Exercise materials »
—————
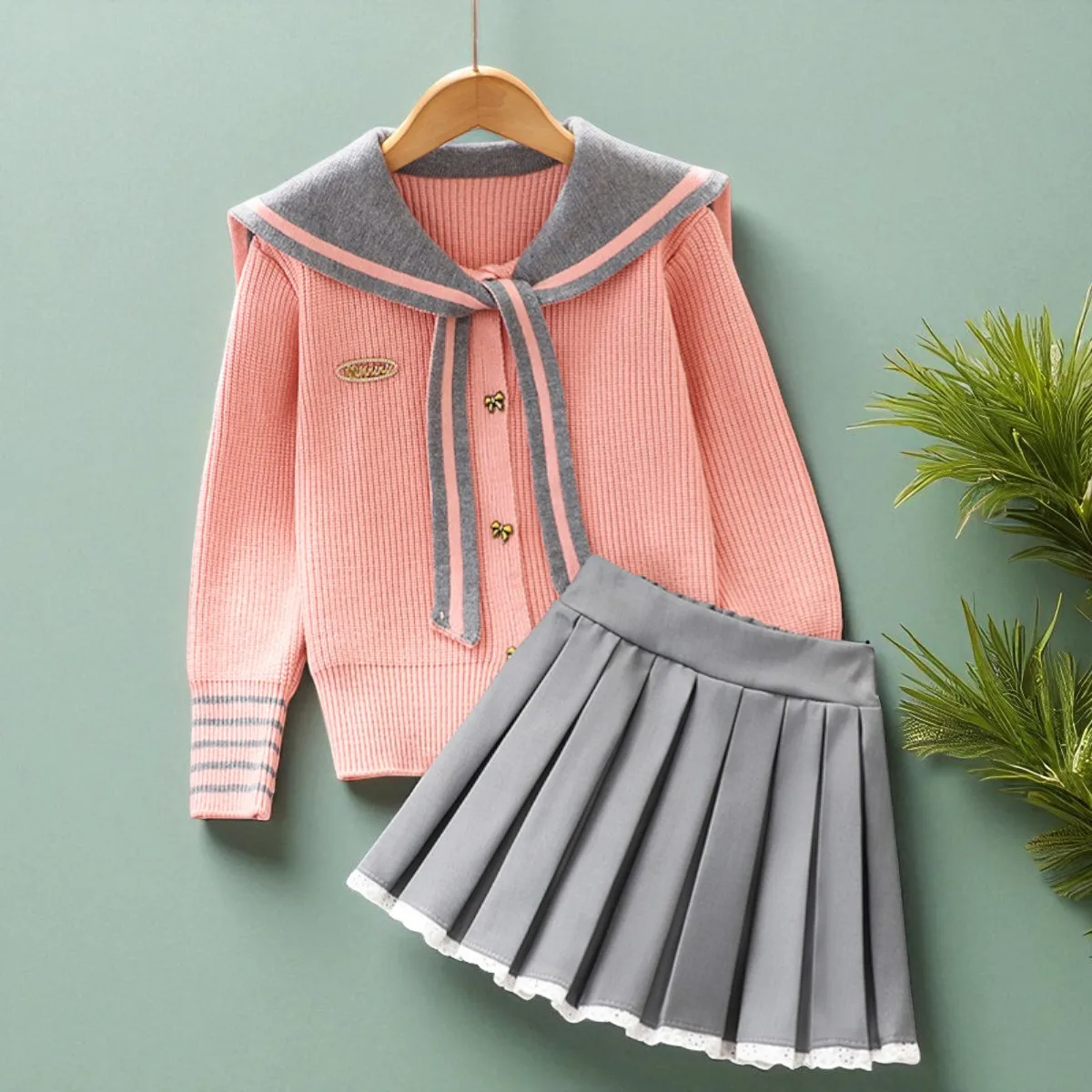 Girls Clothing Set Kids Knit Cardigan & Skit 2pcs Back to School Uniform Baby Girls Suit Teens Kids Costumes 6 8 10 12 13 Years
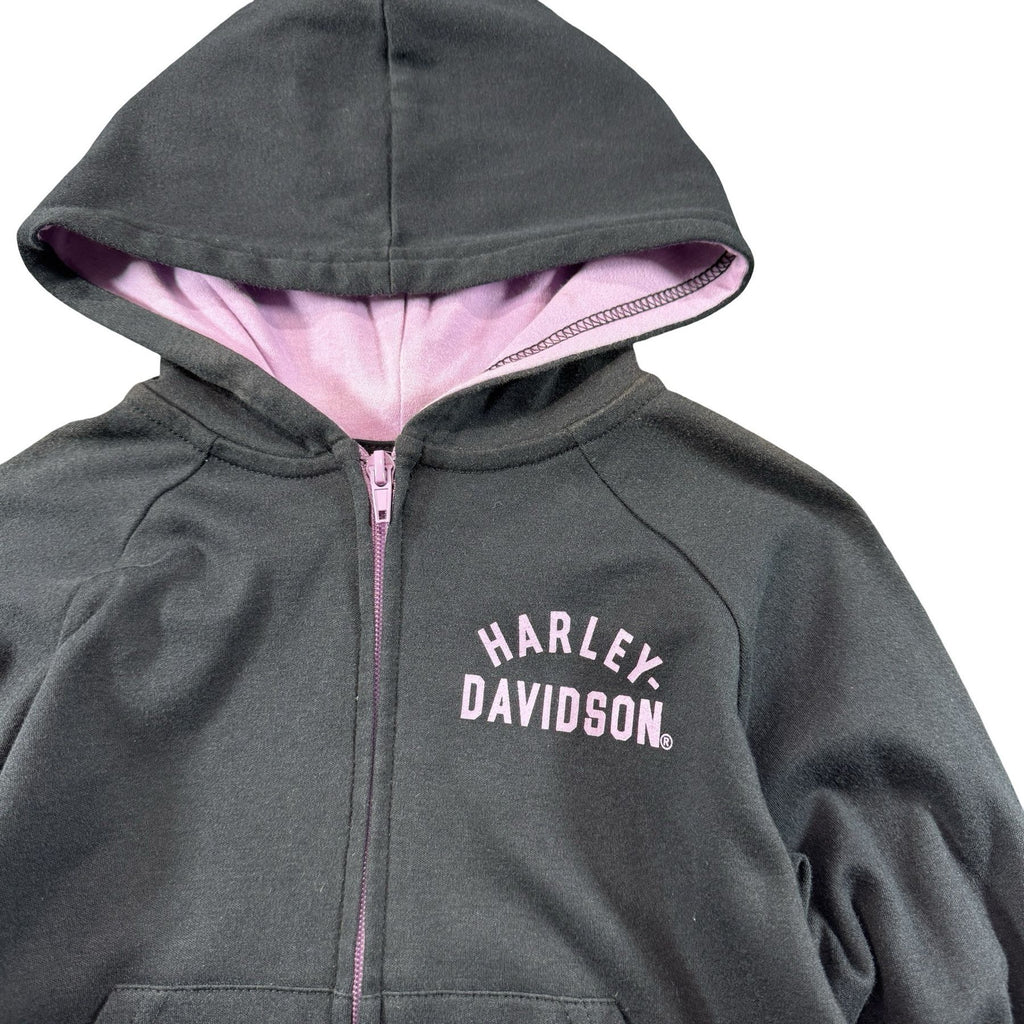 Harley-Davidson Black Pink Zip Hoodie 4/5 - pink lined hood and chest logo detail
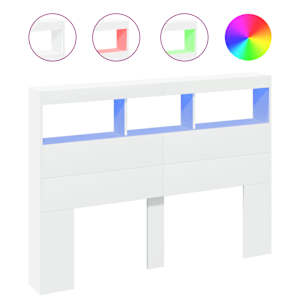 Čelo postele s úložným prostorem a LED bílé 140 x 17 x 102 cm - obrázek 2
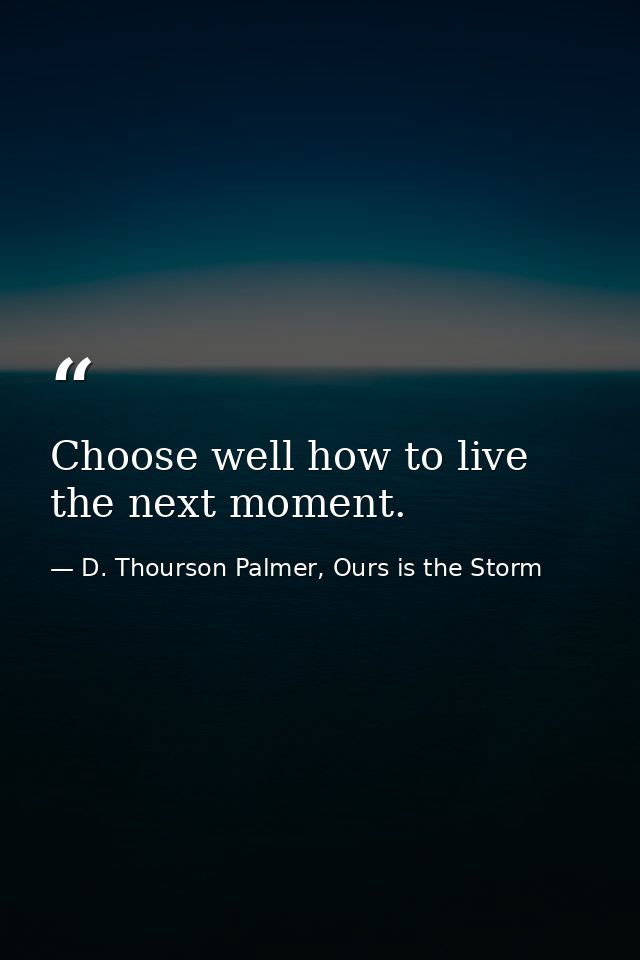 Choose well how to live the next moment. — D. Thourson Palmer, Ours is the Storm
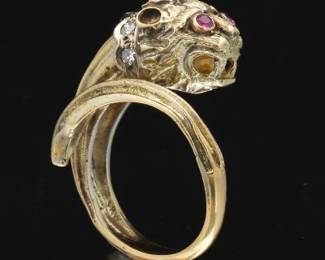 Ilias Lalaunis Vintage Gold, Diamond and Ruby Lion Head Bypass Ring 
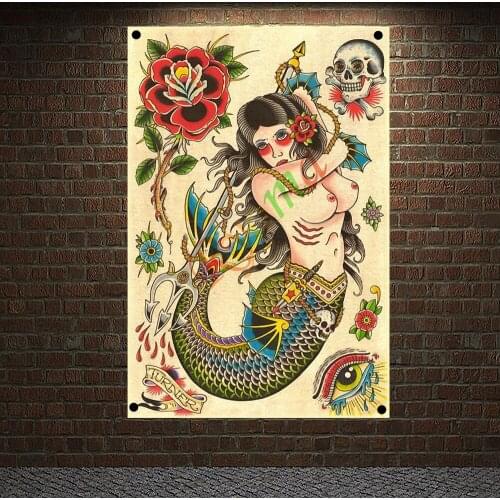 TURNER Tattoo Art Print Posters Banners Wall Chart Senior Art Waterproof Cloth Tapestry Flag Barber Shop Decoration Upholstery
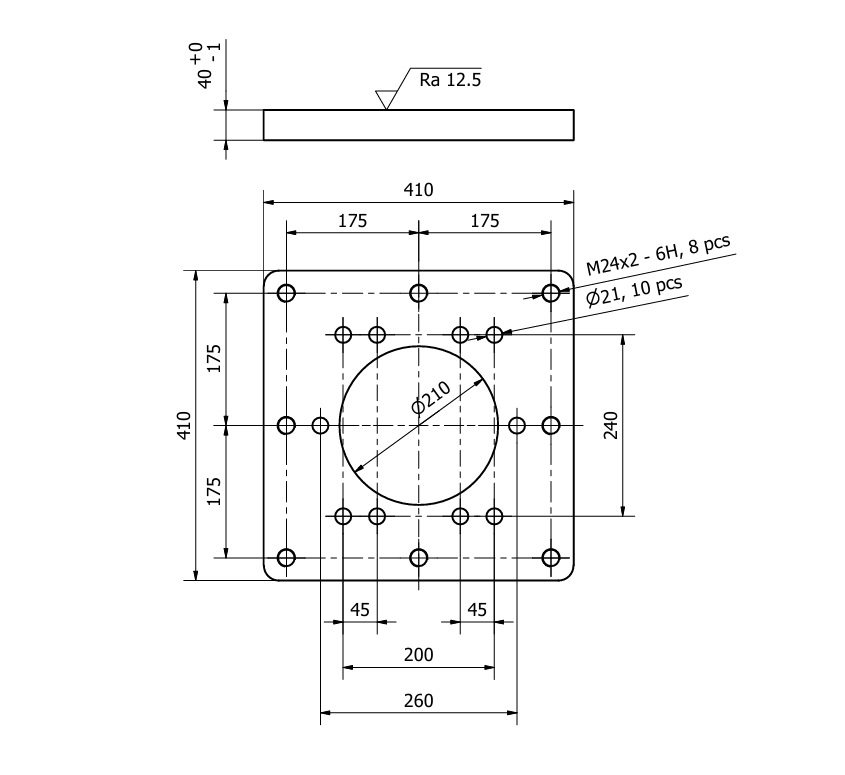 FASTENING PLATE, For Cranes, 40x410x410mm, Weldable - not painted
—————
Print all records word for word, no images.

 Girls Clothing Set Kids Knit Cardigan & Skit 2pcs Back to School Uniform Baby Girls Suit Teens Kids Costumes 6 8 10 12 13 Years
 Harley-Davidson Black Pink Zip Hoodie 4/5 - pink lined hood and chest logo detail
 Čelo postele s úložným prostorem a LED bílé 140 x 17 x 102 cm - obrázek 2
 Choose well how to live the next moment. — D. Thourson Palmer, Ours is the Storm
 Ilias Lalaunis Vintage Gold, Diamond and Ruby Lion Head Bypass Ring 
 TURNER Tattoo Art Print Posters Banners Wall Chart Senior Art Waterproof Cloth Tapestry Flag Barber Shop Decoration Upholstery
 FASTENING PLATE, For Cranes, 40x410x410mm, Weldable - not painted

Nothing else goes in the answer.